We all know how badly technology is decaying in the US, and we also know how very little most people care about it. But you do, if you’ve got any reason at all to look at this blog. Here’s another road sign on the route to perdition: the demise of an historic technological university.
The Polytechnic Institute of Brooklyn, lately going by several other names as it underwent structural changes leading to its forthcoming dissolution, was one of several specialized colleges in the New York City area that arose from the industrialization of the 19th century, and the enormous need for education in the sciences and engineering. For many years it also served the particularly urban need for night school as working people tried to improve themselves and get better jobs, or ones relevant to new industries.
The very focused, and often down and dirty role of Poly and similar institutions was a necessary component to the growth of science and technology. These schools did not transition, like MIT or Stanford, to eminence through strong government or industrial linkages; in effect they missed the boat, over and over again, through mismanagement, wrong locations, or simple lack of resources. However, the story of the poor immigrant, or the kid from the projects, who cobbled up a career the hard way, taking the subway to a better life , is a good story, and an American wonder.
Now, this school, that I attended more because of full support than anything else, is headed for history, as another institution, also having failed to subsist on technology, has grasped the opportunity to, in brief, trash Poly in order to get its newly valuable urban real estate.
Poly was very early in high vacuum and thin films, and also had enviable strength in x-ray diffraction, polymer science, and even microwaves. Graduates fanned out to staff a considerable industrial expansion around New York and, especially, Long Island. Up to the 1960’s the area was known for emergent technology and related manufacturing. Then, as always happens in the US, industry moved westward, California captured the microelectronic banner, and factories began to close. Powerhouse cities, such as Bridgeport, Connecticut, went dark, and the aircraft and space industries of Long Island fractioned into yet more suburban housing sprawl.

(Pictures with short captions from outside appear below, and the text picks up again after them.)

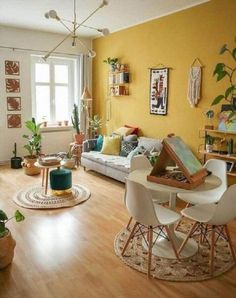 a living room filled with furniture and lots of plants on top of wooden flooring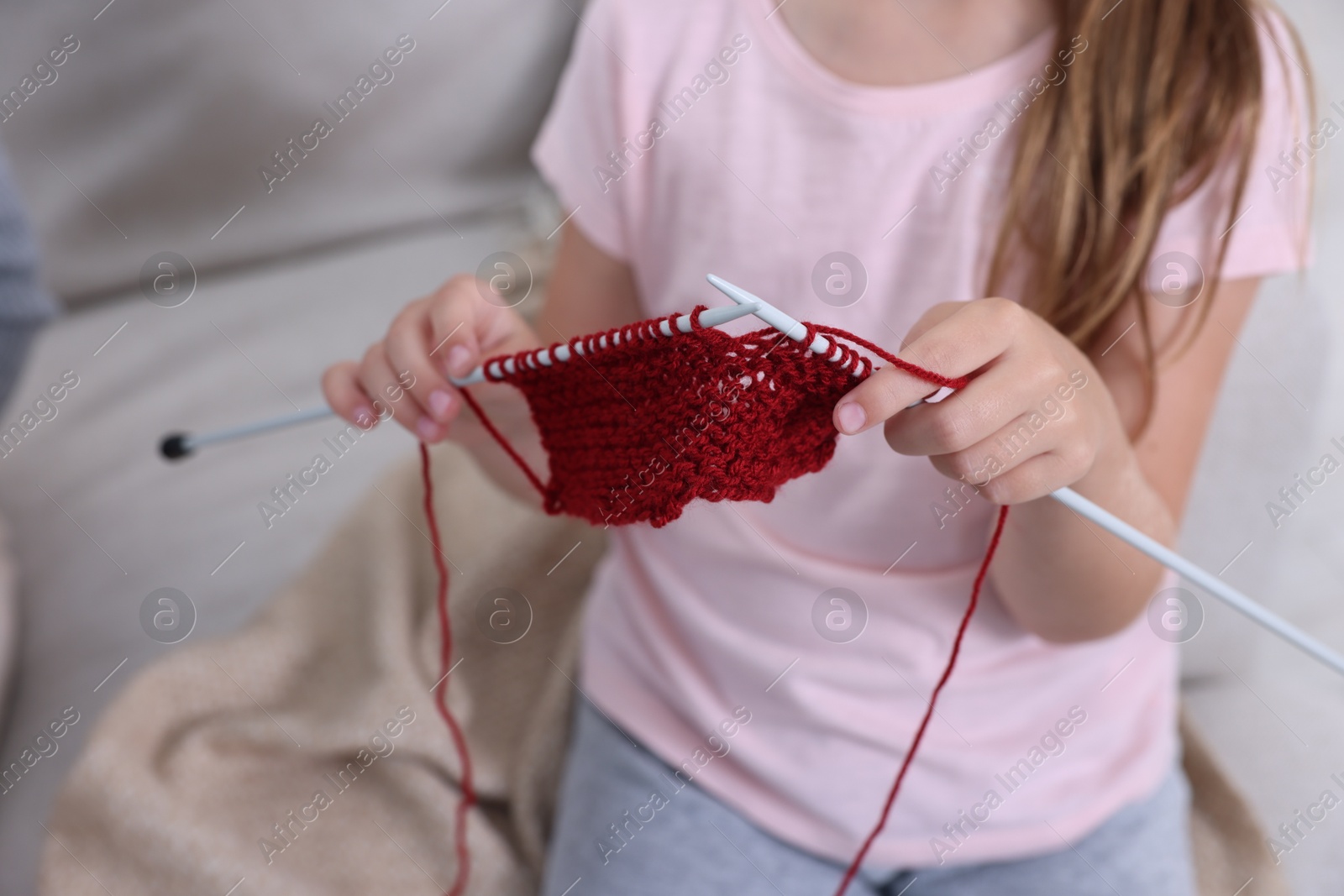 Photo of Little girl learning to knit on sofa, closeup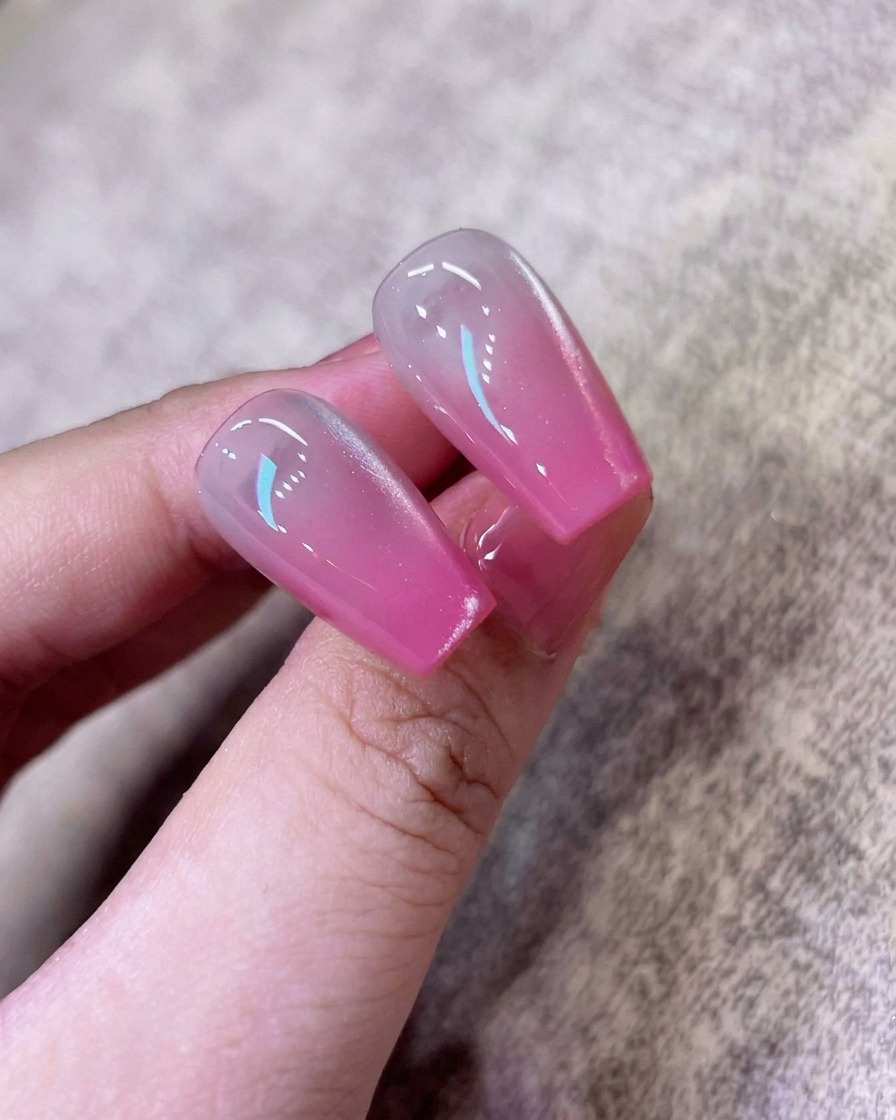 A brush applying a coat of shimmering white cat-eye gel polish over the existing pink ombre nail.
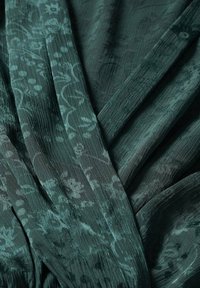 Ciemnozielona tkanina z kwiatowym wzorem. Faktura z marszczeniami i warstwowe drapowania tworzące głębię i ruch.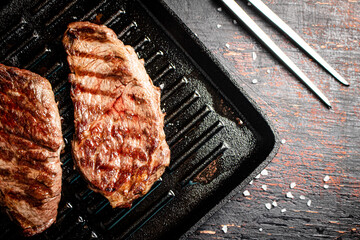 Aromatic grilled steak in a frying pan. 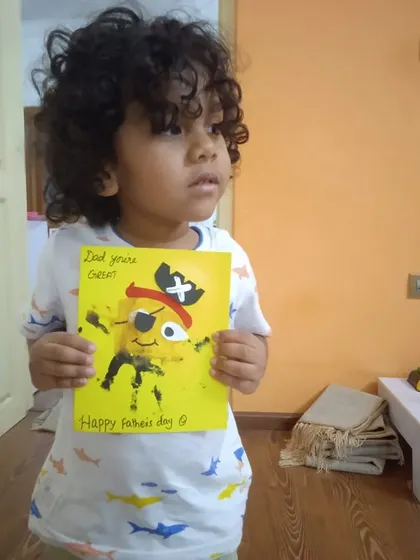 A child proudly displays the Father's Day card he made. This footprint pirate art is a perfect example of how we combine process art with creating a heartfelt gift.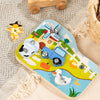 A wooden farm animal assembly toy featuring various animals, a screwdriver, and a wrench on a light blue board.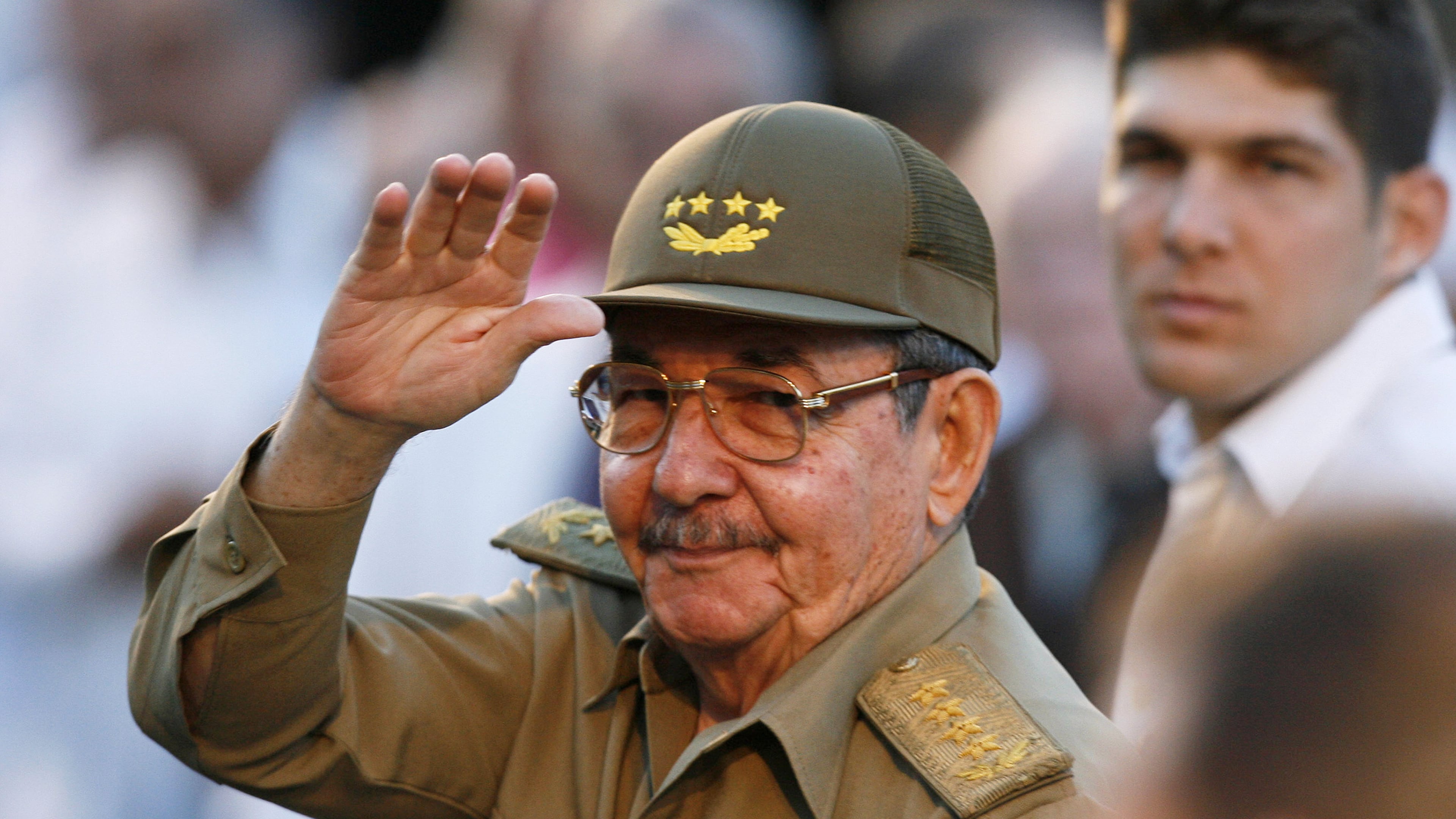 FILE - Cuba's acting President Raul Castro waves to journalists in front the Museum of the Revolution in Havana on March 13, 2007. (AP Photo/Javier Galeano, File)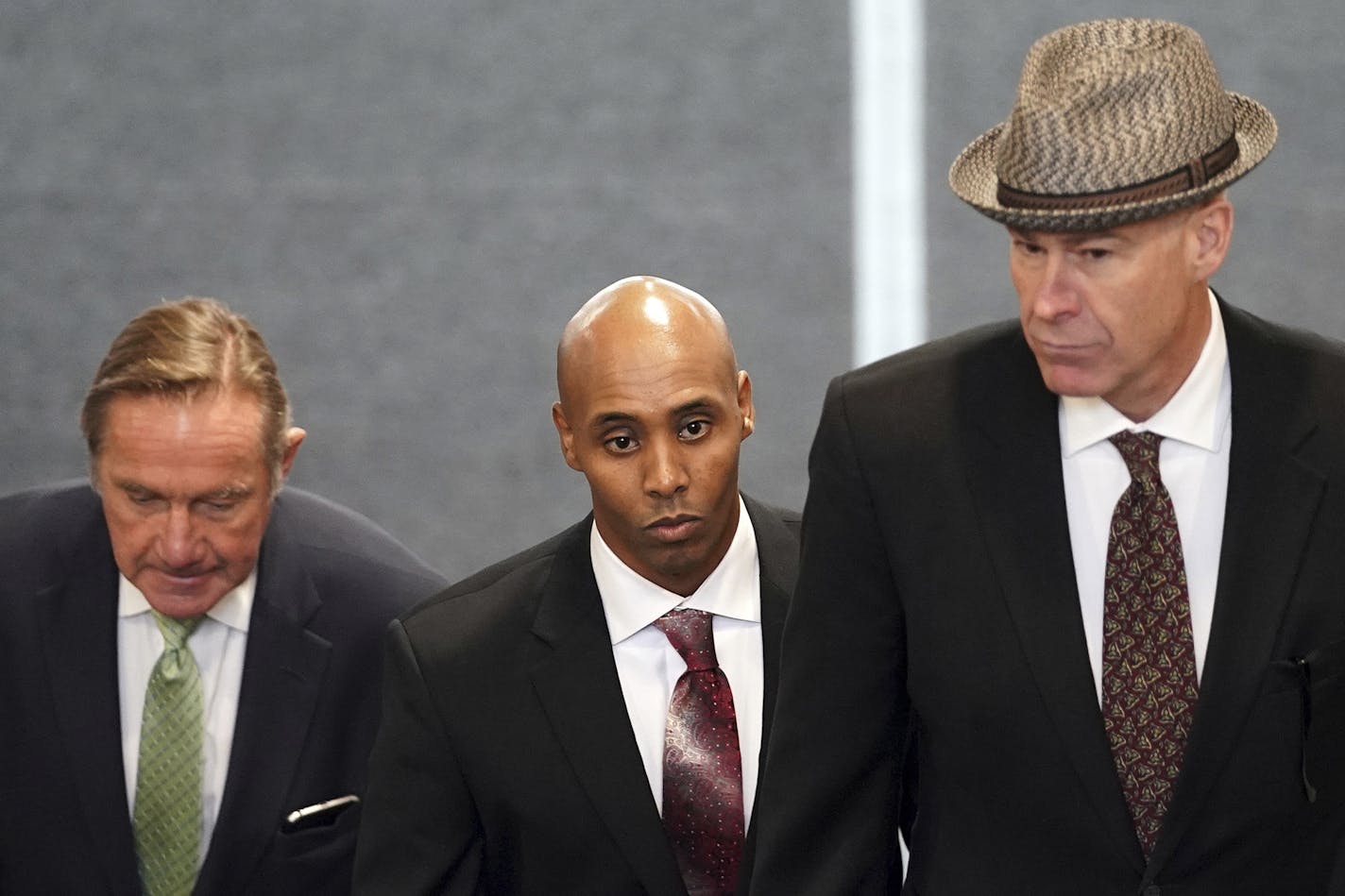 Mohamed Noor, center, accompanied by his legal team, Peter Wold, left, and Tom Plunkett, arrive to argue pretrial motions at a probable cause hearing for the ex-Minneapolis police officer Thursday, Sept. 27, 2018 at the Hennepin County Government Center in Minneapolis.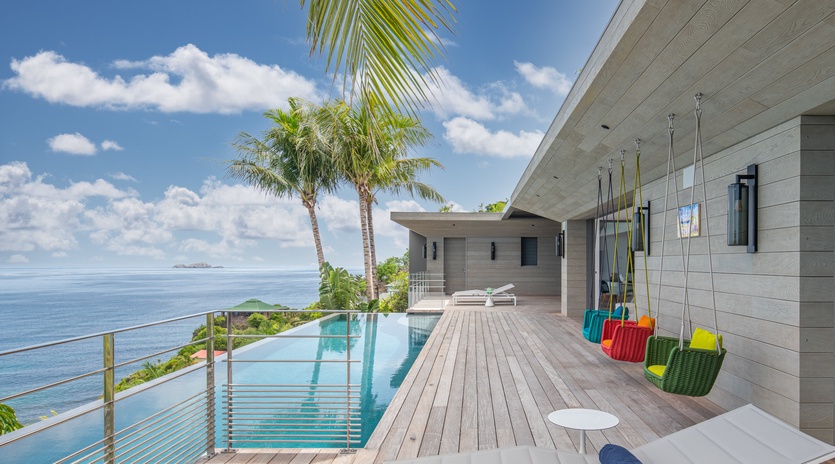 Modern oceanfront villa featuring infinity pool, tropical palms, and colorful swing chairs overlooking endless blue waters.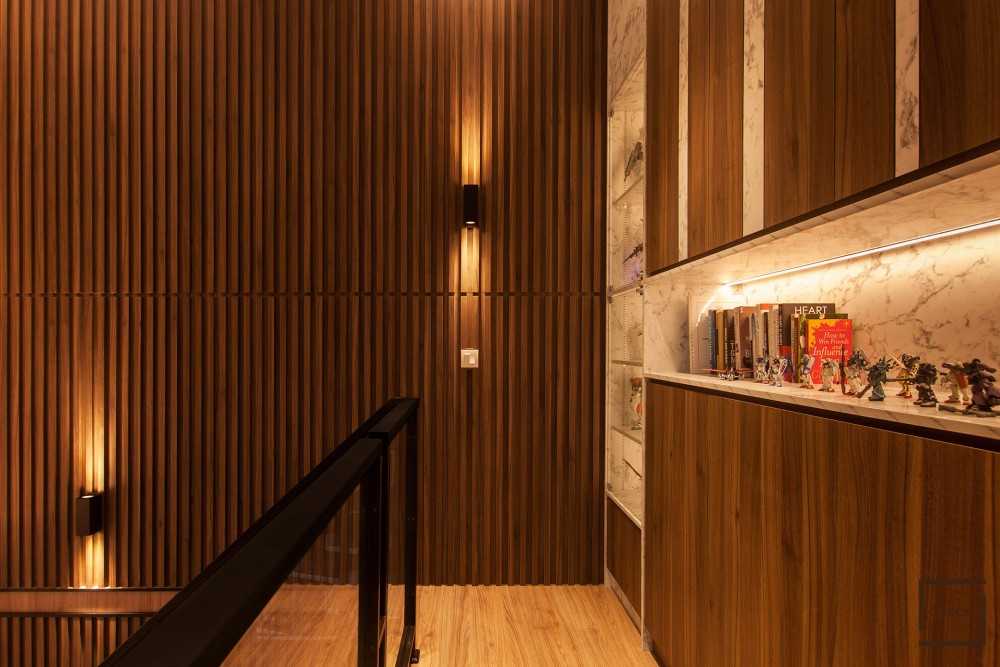 Modern Living Room with Bookshelf and Feature Wall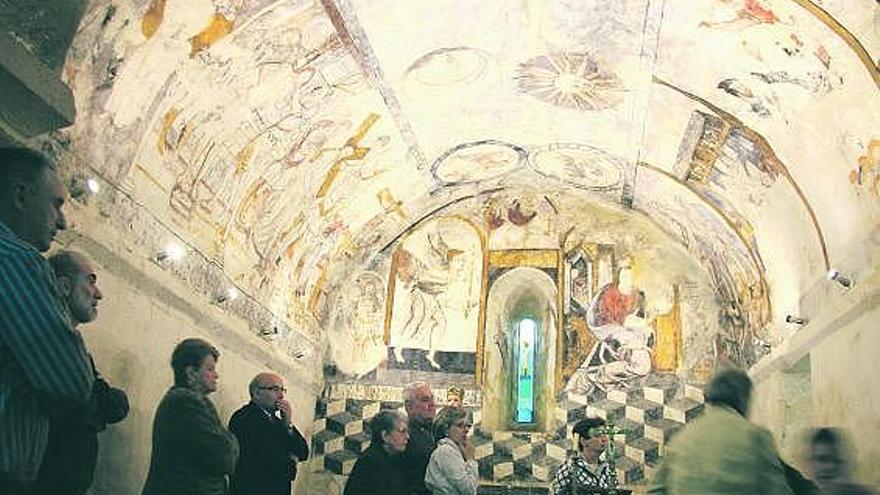 Participantes en la visita guiada a la iglesia románica de Luerces, con pinturas del siglo XVII.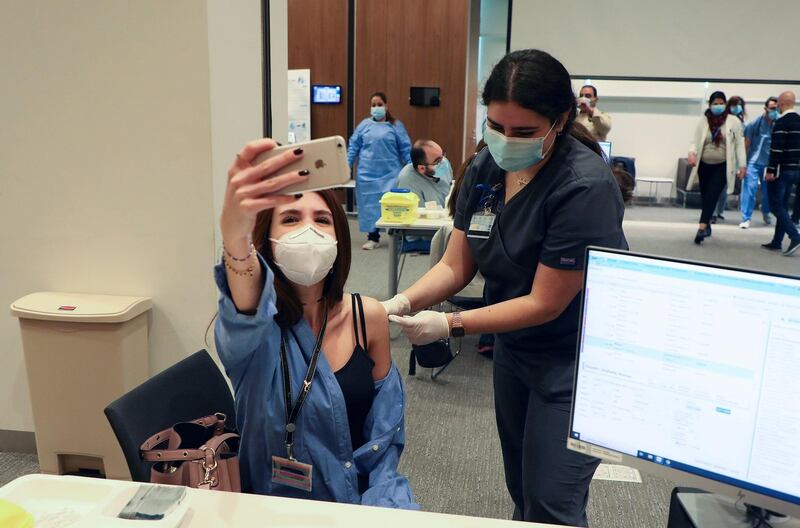 A woman takes a picture with her mobile phone as she receives the Pfizer/BioNTech vaccine at American University of Beirut's medical centre, Lebanon. Reuters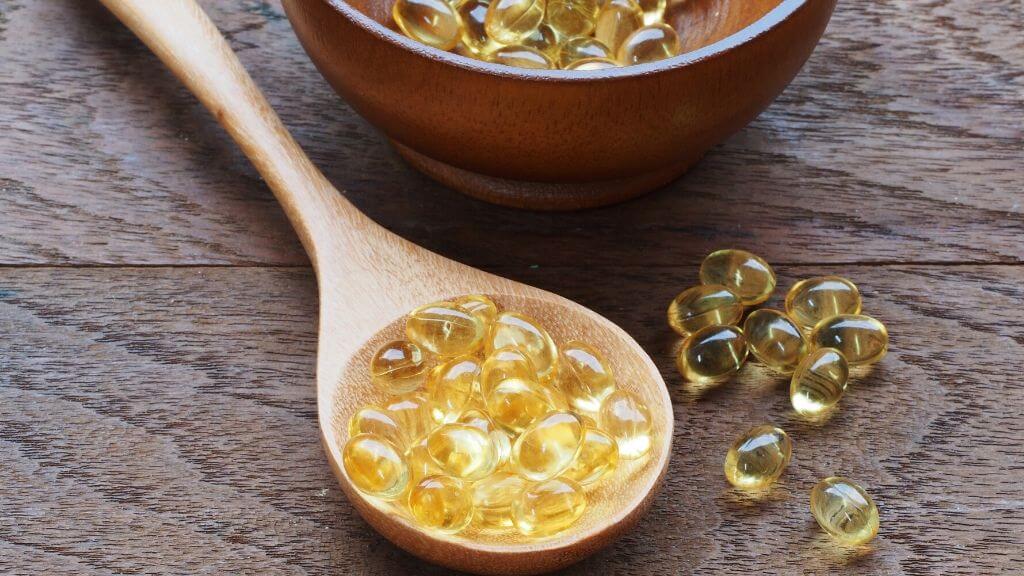 Fish oil in a wooden spoon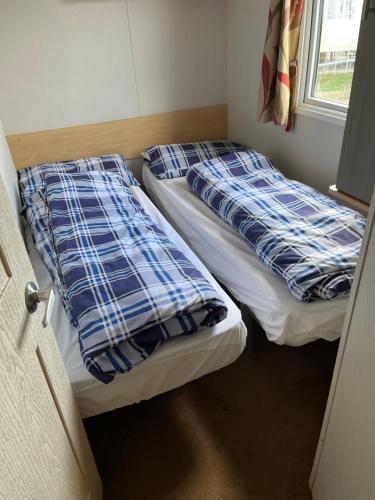 two beds in a small room with a window at 617 seawick in Jaywick Sands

There was nothing unusual about this progression; it had happened almost two centuries ago in Vermont and Maine, and left behind vast brick factories, hydro dams, and suddenly irrelevant educational institutions. Today, one can buy a big mill less than a two hour drive from Manhattan for taxes due, or less than the cost of a new roof. So there shouldn’t be anything sad about Poly selling out; after all, it didn’t stand a chance of reviving, did it?
Here’s the rub, and the reason for this post. With no national goal-setting in technology, the US is blindly pissing away its former leadership in most of the important areas, is graduating an ever-diminishing fraction of the people most critical to the present economy, let alone that of the future, and, as long as profit can somehow be made on short-term, dangerous deals, our country is seemingly complacent about the entire prospect. A prospect, I think, whose side-effects include the loss of manufacturing, most of the middle class, military credibility, and any chance of 21st century leadership.
We should regard our educational base, as underfunded and scattershot as it is, as the most vital resource for reversing the technological degeneration. Every school, like Poly, that can’t pay its light bill, or compete for the bright kids with Wall St. , is an endangered species needing protection. We blow the dollar equivalent of one medium size university each day in Iraq, but don’t seem to notice the missing engineers, the failed startups, the crumbling infrastructure, the moribund federal research budget, and here, the loss of opportunity.
On one level, we might call Poly a justifiable write-off; an organization that ignored a hundred important chances for success, a weak sister, a runt calf, a bad gambler, something that deserves to go away. On another level, though, it’s a demonstration that the rest of us are so blind to the needs of the future that we can’t see what we’re giving up.
UPDATE JULY 1 The Deed is Done! Poly is gone. I suppose that there’s a lot of letterhead to mulch, including blank diplomas.
April 7, 2008 at 12:48 pm |
And how do you know that NYU will “trash poly” and not keep it as a quality engineering school? Do you have some inside information on this?